La chronique de Michèle MAZEL
«Le secrétaire d’État américain, Mike Pompeo, ne parvient pas à trouver de nouveaux alliés arabes à Israël» titrait Le Monde le 28 août. Depuis, le vénérable quotidien n’a pas jugé nécessaire d’informer ses lecteurs de nouveaux développements dans la région. Une délégation israélienne a atterri au grand jour à l’aéroport international d’Abou Dhabi ? Il y a eu des discussions, une feuille de route a été préparée, un premier accord conclu ? La belle affaire. Voila des dizaines d’années que les deux parties coopèrent – en toute discrétion certes, mais personne n’est dupe.

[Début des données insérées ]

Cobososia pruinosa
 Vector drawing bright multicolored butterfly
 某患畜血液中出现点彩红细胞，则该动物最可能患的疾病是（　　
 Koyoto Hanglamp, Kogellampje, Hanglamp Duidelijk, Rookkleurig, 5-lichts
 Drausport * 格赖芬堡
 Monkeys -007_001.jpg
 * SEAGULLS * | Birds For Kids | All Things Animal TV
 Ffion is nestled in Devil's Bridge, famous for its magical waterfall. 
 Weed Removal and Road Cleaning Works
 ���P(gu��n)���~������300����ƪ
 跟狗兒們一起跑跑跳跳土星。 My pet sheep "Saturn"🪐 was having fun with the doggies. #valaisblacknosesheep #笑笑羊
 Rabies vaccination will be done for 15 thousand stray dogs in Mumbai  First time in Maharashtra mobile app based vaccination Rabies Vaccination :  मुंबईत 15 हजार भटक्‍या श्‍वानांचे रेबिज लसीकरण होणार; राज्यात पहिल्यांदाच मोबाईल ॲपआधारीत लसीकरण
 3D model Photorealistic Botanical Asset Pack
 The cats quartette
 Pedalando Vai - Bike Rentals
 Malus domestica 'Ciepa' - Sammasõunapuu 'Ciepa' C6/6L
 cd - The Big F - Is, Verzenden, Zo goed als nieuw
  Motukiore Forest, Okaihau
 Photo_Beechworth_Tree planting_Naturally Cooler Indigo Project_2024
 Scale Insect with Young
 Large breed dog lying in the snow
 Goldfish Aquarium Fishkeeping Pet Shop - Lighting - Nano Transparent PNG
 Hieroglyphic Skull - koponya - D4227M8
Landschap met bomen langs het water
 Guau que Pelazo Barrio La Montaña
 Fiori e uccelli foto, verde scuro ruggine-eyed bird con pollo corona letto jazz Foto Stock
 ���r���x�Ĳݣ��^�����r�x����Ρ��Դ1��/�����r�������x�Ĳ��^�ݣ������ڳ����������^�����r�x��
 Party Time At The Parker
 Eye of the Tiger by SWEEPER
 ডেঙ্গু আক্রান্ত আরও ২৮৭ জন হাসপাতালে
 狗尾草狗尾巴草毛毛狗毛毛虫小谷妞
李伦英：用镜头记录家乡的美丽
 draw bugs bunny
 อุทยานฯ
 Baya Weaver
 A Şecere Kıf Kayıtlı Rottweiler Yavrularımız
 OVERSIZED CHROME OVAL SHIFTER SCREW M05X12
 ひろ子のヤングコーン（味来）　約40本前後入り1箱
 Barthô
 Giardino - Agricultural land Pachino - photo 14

Des sportifs israéliens ont pu participer à des compétitions ; on a même pu entendre l’hymne national israélien. Bref, Israël et les Emirats n’ont fait qu’officialiser leurs relations. Rien de plus qu’un geste du prince héritier Mohammed Ben Zayed pour faire plaisir à son allié américain, duquel il attend en contrepartie la vente d’avions de chasse ultra-perfectionnés – une vente à laquelle Israël est pourtant farouchement opposé. Pour un peu, on nous dirait que Jérusalem a lâché la proie pour l’ombre et s’est laissé berner par un émir qui pourrait lui donner des leçons de machiavélisme.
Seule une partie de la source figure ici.